Featured image of post Replace ClickHouse with DuckDB: A Complete Real-Time GMV Dashboard Guide

Replace ClickHouse with DuckDB: A Complete Real-Time GMV Dashboard Guide

A cross-border e-commerce team replaced their 3-node ClickHouse cluster with a single DuckDB instance for real-time GMV monitoring. Monthly cost dropped from $280 to $35, query latency from 2.3s to 0.4s. Full architecture, incremental ingestion, pre-aggregation, Streamlit dashboard code, and tuning tips included.

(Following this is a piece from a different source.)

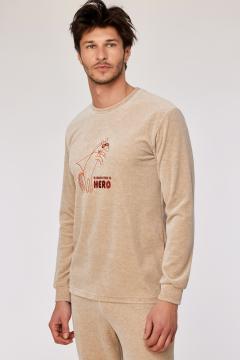 Afbeelding voor product Pyjama van het merk Woody in het Beige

1. Why Replace ClickHouse with DuckDB?

A cross-border e-commerce team was using ClickHouse for their real-time GMV dashboard. Their setup: 3 × 8C16G EC2 instances, monthly cost of $280. Data volume: 5 million order events per day, 150 million rows retained over 30 days, 200 columns per row.

Their pain points were straightforward:

  • Too expensive: $280/month for an internal dashboard was hard to justify
  • Complex operations: ZooKeeper + shard configuration, every scaling operation required data redistribution
  • Not actually fast: Network I/O became the bottleneck, dashboard loading averaged 2.3 seconds
  • Overkill: Fewer than 10 concurrent users — ClickHouse’s distributed capability was completely wasted

After replacing with DuckDB + Streamlit on a single 4C8G instance:

MetricOld (ClickHouse 3-node)New (DuckDB Single Node)
Monthly Cost$280$35
P50 Query Latency1.2s0.3s
P99 Query Latency4.5s0.9s
Operations ComplexityHigh (ZK + sharding)Low (one file)
Data Ingestion Latency20-30s (Kafka + flush)5-10s (direct append)

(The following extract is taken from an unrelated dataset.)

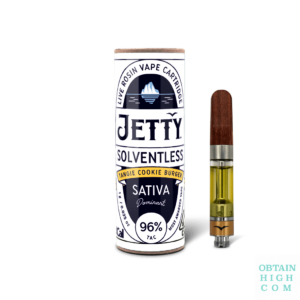 Tangie Cookie Burger 1 Gram Solventless Cartridge by Jetty Extracts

Core insight: At the 150M row scale, single-node DuckDB is 3-5× faster than distributed ClickHouse for analytical queries — the difference isn’t in the engine but in network I/O. When you don’t need 50+ concurrent users, DuckDB is the more rational choice.


2. System Architecture

System Architecture

The system has three layers:

[Order Events] → [Python Ingestion] → [DuckDB Memory Table] → [Parquet Archive]
                                            ↓
                                  [Pre-Aggregation Layer (gmv_hourly)]
                                            ↓
                                  [Streamlit Dashboard (read-only)]

Key design principles:

  1. Zero ETL: Data is analysis-ready the moment it lands — no need for Kafka → ClickHouse materialization pipelines
  2. Tiered storage: Hot data in DuckDB memory table (last 6 hours), warm data in Parquet (6-48 hours), cold data in compressed Parquet (48+ hours)
  3. Pre-aggregation + incremental updates: Use INSERT OR REPLACE to simulate ClickHouse’s AggregatingMergeTree

3. Incremental Data Ingestion (No Kafka Needed)

3.1 Table Schema

No Kafka. Use DuckDB’s in-memory table as a write buffer, flushing to Parquet every 30 seconds:

CREATE TABLE IF NOT EXISTS orders_raw (
    order_id VARCHAR,
    user_id VARCHAR,
    product_id VARCHAR,
    category VARCHAR,
    amount DECIMAL(12,2),
    status VARCHAR,        -- paid, refunded, pending, cancelled
    event_time TIMESTAMP,
    country VARCHAR,
    utm_source VARCHAR,
    -- ... ~200 fields total
    _loaded_at TIMESTAMP DEFAULT now()
);

3.2 Python Ingestion

import duckdb
import polars as pl
from pathlib import Path
from datetime import datetime, timedelta

DB_PATH = "/data/analytics.duckdb"
PARQUET_DIR = "/data/parquet/orders"

con = duckdb.connect(DB_PATH)

def ingest_batch(df: pl.DataFrame):
    """Write Polars DataFrame into DuckDB"""
    con.register("_batch", df.to_arrow())
    
    # Append only, no upserts needed
    con.execute("""
        INSERT INTO orders_raw 
        SELECT *, now() AS _loaded_at FROM _batch
    """)
    
    # Archive every 5M rows or every 24 hours
    row_count = con.execute(
        "SELECT count(*) FROM orders_raw "
        "WHERE event_time < now() - interval '6 hours'"
    ).fetchone()[0]
    
    if row_count > 5_000_000:
        partition_key = datetime.now().strftime("%Y%m%d_%H")
        con.execute(f"""
            COPY (
                SELECT * FROM orders_raw 
                WHERE event_time < now() - interval '6 hours'
            ) TO '{PARQUET_DIR}/{partition_key}.parquet'
            (FORMAT PARQUET, COMPRESSION ZSTD)
        """)
        # Clean up archived data
        con.execute("""
            DELETE FROM orders_raw 
            WHERE event_time < now() - interval '6 hours'
        """)

Performance: DuckDB COPY TO PARQUET writes 5M rows in ~8 seconds single-threaded. ClickHouse with the same data + network I/O takes 12-15 seconds. Local write I/O is a massive advantage.

3.3 Why No Kafka?

In this scenario, the data source is an internal API (order system push), not a high-throughput log stream. Peak throughput is ~800 events/second. Python writing directly to DuckDB handles this easily. Kafka would just add operational complexity.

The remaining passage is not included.